When a picture appears in the listing, leave it out and copy the rest exactly as it stands.
===== GIVEN MATERIAL =====
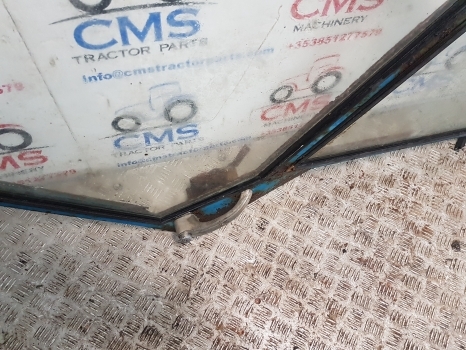 Ford 4110, 5610, 6410, 6610 Lp Cab Door Right 83931994, 83957672 - Дверь и запчасти для Тракторов: фото 4 Ford 4110, 5610, 6410, 6610 Lp Cab Door Right 83931994, 83957672 - Дверь и запчасти для Тракторов: фото 4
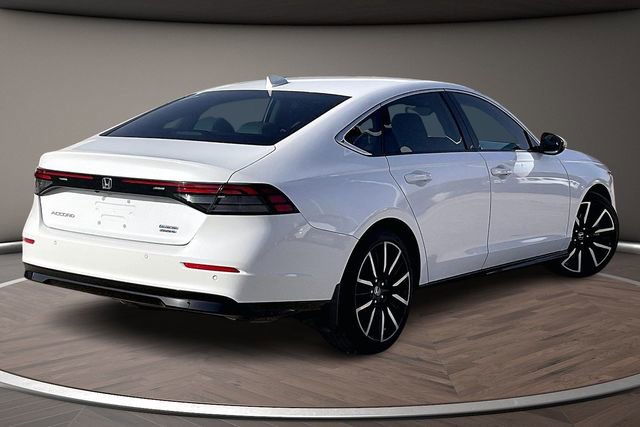 Used 2023 Honda Accord Touring image 2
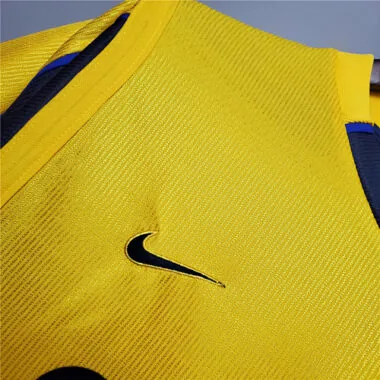 99-00 Arsenal away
=====
REPLY:
 Ford 4110, 5610, 6410, 6610 Lp Cab Door Right 83931994, 83957672 - Дверь и запчасти для Тракторов: фото 4 Ford 4110, 5610, 6410, 6610 Lp Cab Door Right 83931994, 83957672 - Дверь и запчасти для Тракторов: фото 4
 Used 2023 Honda Accord Touring image 2
 99-00 Arsenal away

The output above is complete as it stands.